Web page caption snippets
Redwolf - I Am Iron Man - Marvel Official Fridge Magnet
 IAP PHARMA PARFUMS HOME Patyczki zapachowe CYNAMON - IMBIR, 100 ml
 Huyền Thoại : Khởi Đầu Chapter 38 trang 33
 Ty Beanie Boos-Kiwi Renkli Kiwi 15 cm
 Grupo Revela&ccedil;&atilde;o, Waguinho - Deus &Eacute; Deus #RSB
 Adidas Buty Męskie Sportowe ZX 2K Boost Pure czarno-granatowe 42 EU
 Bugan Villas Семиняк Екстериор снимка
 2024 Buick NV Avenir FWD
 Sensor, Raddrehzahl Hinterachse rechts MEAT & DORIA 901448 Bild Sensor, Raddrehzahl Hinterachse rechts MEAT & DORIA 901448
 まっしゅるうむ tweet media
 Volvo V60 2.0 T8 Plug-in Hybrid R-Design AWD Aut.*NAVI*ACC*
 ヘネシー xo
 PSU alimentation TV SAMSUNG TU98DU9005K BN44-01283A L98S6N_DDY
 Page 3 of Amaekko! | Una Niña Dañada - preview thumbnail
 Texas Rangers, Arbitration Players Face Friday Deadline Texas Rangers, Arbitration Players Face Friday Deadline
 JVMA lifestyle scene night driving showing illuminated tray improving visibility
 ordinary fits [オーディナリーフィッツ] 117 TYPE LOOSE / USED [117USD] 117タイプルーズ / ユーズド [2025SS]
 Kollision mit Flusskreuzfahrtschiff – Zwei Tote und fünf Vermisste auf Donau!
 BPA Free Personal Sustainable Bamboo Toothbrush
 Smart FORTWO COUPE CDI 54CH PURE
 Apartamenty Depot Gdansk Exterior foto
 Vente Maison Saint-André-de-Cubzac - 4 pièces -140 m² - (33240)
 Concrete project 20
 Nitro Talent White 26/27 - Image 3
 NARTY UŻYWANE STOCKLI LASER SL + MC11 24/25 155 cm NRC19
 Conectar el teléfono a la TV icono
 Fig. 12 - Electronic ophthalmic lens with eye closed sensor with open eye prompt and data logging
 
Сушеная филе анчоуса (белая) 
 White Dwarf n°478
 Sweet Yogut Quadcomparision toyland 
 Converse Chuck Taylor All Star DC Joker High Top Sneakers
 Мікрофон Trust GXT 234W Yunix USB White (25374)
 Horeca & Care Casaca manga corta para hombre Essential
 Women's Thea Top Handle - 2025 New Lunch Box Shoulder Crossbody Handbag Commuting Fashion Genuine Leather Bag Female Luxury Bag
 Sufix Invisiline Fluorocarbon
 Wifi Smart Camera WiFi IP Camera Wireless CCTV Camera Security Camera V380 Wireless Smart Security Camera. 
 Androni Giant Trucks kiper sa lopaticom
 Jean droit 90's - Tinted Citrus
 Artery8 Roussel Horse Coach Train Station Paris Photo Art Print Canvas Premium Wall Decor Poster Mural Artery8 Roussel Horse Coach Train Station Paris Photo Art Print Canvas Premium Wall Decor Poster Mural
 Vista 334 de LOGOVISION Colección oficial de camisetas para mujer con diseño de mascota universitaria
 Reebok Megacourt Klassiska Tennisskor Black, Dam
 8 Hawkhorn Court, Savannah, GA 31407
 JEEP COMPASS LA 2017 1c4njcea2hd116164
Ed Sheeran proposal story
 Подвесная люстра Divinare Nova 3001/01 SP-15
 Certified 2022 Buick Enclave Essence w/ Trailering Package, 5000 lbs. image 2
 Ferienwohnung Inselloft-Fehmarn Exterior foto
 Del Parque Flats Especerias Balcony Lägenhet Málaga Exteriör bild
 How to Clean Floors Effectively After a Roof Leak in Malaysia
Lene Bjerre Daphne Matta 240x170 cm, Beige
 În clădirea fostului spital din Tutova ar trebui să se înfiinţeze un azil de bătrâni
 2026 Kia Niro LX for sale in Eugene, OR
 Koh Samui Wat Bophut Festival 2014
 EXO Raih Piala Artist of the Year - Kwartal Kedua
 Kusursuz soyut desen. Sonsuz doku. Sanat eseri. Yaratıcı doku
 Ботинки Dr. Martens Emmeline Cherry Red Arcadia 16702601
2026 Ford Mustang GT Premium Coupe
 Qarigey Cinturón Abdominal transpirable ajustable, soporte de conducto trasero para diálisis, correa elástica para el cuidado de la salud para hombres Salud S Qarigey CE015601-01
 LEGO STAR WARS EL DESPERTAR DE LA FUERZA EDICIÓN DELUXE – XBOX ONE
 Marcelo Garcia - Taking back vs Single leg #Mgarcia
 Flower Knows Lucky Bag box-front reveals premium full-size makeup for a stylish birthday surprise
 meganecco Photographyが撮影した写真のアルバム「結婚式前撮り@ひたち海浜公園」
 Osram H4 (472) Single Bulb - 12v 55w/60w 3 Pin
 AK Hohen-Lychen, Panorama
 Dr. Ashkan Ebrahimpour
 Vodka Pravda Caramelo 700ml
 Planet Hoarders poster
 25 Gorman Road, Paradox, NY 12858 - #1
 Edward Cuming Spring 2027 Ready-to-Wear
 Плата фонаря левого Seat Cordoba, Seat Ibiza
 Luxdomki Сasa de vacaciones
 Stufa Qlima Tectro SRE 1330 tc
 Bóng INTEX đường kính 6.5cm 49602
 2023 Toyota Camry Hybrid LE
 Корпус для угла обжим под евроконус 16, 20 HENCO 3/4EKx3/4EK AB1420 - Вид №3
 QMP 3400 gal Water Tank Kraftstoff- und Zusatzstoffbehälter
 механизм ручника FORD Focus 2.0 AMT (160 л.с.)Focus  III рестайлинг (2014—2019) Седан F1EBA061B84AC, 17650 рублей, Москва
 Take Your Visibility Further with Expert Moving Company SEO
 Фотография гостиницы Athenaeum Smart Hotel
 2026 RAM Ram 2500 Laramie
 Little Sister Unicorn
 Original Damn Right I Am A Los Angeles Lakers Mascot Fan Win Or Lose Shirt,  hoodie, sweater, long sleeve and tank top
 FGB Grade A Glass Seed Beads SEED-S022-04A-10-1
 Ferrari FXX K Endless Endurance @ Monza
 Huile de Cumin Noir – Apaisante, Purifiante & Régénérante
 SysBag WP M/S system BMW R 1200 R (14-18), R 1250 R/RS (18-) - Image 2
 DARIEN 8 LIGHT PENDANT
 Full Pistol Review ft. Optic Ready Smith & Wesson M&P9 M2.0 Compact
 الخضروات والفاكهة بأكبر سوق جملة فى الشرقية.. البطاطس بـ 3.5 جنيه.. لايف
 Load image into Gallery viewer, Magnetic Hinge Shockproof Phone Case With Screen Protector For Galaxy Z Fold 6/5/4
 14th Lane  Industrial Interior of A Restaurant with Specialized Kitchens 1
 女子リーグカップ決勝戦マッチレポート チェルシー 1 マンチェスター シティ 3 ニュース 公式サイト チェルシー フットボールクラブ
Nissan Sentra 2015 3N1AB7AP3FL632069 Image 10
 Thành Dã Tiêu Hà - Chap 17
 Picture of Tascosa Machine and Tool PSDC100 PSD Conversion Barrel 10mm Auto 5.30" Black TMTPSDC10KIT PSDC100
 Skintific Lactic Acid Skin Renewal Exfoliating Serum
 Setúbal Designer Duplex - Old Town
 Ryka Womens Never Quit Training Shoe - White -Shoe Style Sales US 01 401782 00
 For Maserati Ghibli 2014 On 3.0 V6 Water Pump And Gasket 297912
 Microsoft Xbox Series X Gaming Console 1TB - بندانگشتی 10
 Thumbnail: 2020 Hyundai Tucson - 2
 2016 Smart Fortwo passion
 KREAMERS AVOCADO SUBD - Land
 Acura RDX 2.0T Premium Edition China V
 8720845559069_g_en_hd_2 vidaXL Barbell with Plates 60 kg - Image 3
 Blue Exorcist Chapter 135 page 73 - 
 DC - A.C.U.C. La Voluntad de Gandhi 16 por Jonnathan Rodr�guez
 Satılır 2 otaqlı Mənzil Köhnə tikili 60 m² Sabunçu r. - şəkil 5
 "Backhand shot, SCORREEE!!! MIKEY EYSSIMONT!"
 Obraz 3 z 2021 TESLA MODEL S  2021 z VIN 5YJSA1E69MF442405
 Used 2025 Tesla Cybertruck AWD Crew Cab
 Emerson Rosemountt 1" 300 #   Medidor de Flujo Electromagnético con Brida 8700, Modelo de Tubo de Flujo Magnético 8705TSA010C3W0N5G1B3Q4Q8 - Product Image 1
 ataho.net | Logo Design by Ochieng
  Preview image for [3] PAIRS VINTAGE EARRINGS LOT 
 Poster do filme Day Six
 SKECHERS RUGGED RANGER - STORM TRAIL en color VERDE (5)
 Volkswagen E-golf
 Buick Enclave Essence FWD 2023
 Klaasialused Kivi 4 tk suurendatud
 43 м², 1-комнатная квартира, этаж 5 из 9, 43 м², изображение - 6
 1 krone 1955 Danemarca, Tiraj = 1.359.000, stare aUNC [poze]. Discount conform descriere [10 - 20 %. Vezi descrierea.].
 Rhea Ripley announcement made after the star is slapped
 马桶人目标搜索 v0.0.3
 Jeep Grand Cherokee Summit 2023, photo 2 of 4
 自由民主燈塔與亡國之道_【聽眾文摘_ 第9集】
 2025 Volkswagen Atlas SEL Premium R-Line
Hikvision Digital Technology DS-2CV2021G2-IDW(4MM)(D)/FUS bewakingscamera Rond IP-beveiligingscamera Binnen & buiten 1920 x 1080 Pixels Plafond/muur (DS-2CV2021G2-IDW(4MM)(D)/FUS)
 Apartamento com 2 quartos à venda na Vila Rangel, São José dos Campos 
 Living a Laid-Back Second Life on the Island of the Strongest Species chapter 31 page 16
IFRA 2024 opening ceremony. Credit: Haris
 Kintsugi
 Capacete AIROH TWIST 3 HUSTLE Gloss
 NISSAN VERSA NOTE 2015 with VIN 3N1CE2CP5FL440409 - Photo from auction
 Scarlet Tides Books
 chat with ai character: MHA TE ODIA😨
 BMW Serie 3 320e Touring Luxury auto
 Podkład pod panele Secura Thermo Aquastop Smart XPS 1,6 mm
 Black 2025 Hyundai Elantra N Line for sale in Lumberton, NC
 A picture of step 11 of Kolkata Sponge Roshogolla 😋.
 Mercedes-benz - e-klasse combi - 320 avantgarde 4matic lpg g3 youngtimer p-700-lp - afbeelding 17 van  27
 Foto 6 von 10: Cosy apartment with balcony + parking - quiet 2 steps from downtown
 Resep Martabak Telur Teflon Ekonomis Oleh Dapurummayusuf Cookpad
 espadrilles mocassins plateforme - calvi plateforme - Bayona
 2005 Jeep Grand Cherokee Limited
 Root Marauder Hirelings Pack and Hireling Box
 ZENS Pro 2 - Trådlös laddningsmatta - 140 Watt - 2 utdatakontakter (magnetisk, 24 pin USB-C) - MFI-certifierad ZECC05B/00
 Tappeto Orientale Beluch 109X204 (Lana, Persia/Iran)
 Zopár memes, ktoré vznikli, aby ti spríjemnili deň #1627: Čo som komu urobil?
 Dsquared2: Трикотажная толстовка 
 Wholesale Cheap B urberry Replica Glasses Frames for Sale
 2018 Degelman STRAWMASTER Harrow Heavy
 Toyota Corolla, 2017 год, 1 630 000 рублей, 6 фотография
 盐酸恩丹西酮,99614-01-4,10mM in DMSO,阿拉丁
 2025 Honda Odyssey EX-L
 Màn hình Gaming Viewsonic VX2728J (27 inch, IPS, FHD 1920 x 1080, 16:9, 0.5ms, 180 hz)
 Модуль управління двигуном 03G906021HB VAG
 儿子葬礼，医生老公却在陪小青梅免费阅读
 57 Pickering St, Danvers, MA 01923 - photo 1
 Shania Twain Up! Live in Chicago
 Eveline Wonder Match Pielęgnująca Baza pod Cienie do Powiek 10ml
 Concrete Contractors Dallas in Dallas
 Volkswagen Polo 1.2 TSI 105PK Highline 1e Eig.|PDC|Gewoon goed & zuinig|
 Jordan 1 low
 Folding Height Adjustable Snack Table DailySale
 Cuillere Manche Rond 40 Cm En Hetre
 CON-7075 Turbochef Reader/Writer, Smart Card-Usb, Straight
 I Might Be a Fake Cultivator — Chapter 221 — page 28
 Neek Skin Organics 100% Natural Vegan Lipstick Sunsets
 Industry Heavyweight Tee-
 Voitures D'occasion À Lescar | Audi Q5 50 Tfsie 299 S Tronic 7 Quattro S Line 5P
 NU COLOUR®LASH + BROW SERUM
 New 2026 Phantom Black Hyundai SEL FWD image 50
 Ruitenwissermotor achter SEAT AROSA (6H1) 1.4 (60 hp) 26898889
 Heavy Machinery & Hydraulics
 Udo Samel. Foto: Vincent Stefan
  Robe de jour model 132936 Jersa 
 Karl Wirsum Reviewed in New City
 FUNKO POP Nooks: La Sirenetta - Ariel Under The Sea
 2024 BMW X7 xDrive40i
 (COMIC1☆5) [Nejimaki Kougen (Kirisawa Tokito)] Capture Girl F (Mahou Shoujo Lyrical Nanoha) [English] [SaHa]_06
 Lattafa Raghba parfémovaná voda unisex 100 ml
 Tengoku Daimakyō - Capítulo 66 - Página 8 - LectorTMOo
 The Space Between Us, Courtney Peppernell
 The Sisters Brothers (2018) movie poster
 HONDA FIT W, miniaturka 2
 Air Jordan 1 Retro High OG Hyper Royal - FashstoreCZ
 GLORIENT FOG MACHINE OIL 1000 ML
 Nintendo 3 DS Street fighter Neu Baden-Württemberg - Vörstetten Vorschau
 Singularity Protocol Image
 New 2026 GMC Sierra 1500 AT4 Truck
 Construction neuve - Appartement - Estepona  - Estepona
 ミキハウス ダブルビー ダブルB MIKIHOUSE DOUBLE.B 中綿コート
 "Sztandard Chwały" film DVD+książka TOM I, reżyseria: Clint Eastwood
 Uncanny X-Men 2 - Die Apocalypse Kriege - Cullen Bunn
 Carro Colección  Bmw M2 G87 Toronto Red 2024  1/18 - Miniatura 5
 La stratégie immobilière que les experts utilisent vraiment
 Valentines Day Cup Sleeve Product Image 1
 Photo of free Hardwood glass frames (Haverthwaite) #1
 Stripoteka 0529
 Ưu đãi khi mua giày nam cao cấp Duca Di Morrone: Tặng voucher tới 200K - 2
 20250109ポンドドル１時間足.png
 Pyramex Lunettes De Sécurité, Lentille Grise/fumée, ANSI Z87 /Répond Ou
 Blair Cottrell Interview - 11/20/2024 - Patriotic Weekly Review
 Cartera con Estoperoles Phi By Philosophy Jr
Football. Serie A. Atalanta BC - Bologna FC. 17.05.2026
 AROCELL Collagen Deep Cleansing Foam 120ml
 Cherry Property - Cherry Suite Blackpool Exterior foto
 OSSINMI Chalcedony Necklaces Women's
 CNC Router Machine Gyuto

● WORK TASK
Transcribe each line of the data above, unaltered, from the one where "KREAMERS AVOCADO SUBD - Land" appears to the one where "2025 Volkswagen Atlas SEL Premium R-Line" appears, inclusive of both.

● REPLY
 KREAMERS AVOCADO SUBD - Land
 Acura RDX 2.0T Premium Edition China V
 8720845559069_g_en_hd_2 vidaXL Barbell with Plates 60 kg - Image 3
 Blue Exorcist Chapter 135 page 73 - 
 DC - A.C.U.C. La Voluntad de Gandhi 16 por Jonnathan Rodr�guez
 Satılır 2 otaqlı Mənzil Köhnə tikili 60 m² Sabunçu r. - şəkil 5
 "Backhand shot, SCORREEE!!! MIKEY EYSSIMONT!"
 Obraz 3 z 2021 TESLA MODEL S  2021 z VIN 5YJSA1E69MF442405
 Used 2025 Tesla Cybertruck AWD Crew Cab
 Emerson Rosemountt 1" 300 #   Medidor de Flujo Electromagnético con Brida 8700, Modelo de Tubo de Flujo Magnético 8705TSA010C3W0N5G1B3Q4Q8 - Product Image 1
 ataho.net | Logo Design by Ochieng
  Preview image for [3] PAIRS VINTAGE EARRINGS LOT 
 Poster do filme Day Six
 SKECHERS RUGGED RANGER - STORM TRAIL en color VERDE (5)
 Volkswagen E-golf
 Buick Enclave Essence FWD 2023
 Klaasialused Kivi 4 tk suurendatud
 43 м², 1-комнатная квартира, этаж 5 из 9, 43 м², изображение - 6
 1 krone 1955 Danemarca, Tiraj = 1.359.000, stare aUNC [poze]. Discount conform descriere [10 - 20 %. Vezi descrierea.].
 Rhea Ripley announcement made after the star is slapped
 马桶人目标搜索 v0.0.3
 Jeep Grand Cherokee Summit 2023, photo 2 of 4
 自由民主燈塔與亡國之道_【聽眾文摘_ 第9集】
 2025 Volkswagen Atlas SEL Premium R-Line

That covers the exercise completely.